WORK INSTRUCTION — Reproduce the listing that follows word for word, without its pictures.

INPUT DATA —
▼
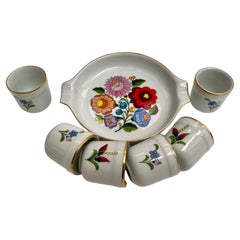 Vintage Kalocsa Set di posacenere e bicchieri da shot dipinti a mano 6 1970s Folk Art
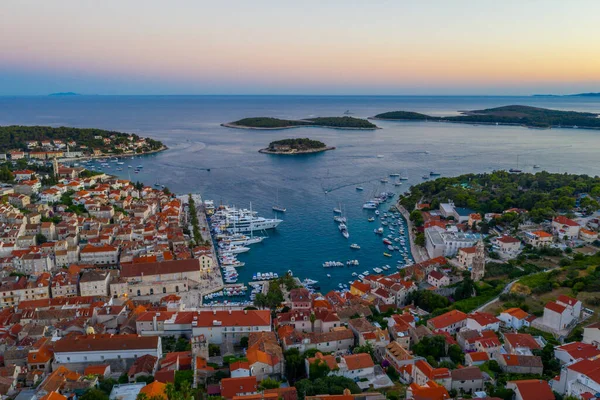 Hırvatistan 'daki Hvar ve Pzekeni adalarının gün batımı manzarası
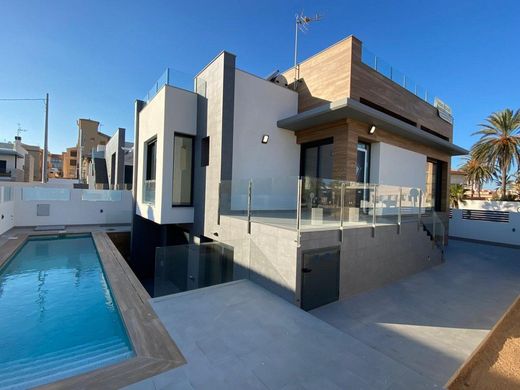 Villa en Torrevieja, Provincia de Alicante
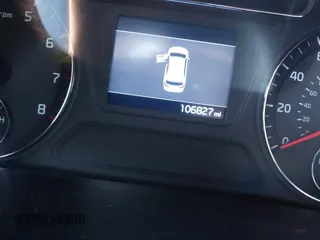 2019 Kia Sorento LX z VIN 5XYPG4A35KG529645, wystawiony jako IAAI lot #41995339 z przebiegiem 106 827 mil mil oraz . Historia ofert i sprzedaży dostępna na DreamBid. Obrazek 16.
▲
RESULT OF THE TASK —
 Vintage Kalocsa Set di posacenere e bicchieri da shot dipinti a mano 6 1970s Folk Art
 Hırvatistan 'daki Hvar ve Pzekeni adalarının gün batımı manzarası
 Villa en Torrevieja, Provincia de Alicante
 2019 Kia Sorento LX z VIN 5XYPG4A35KG529645, wystawiony jako IAAI lot #41995339 z przebiegiem 106 827 mil mil oraz . Historia ofert i sprzedaży dostępna na DreamBid. Obrazek 16.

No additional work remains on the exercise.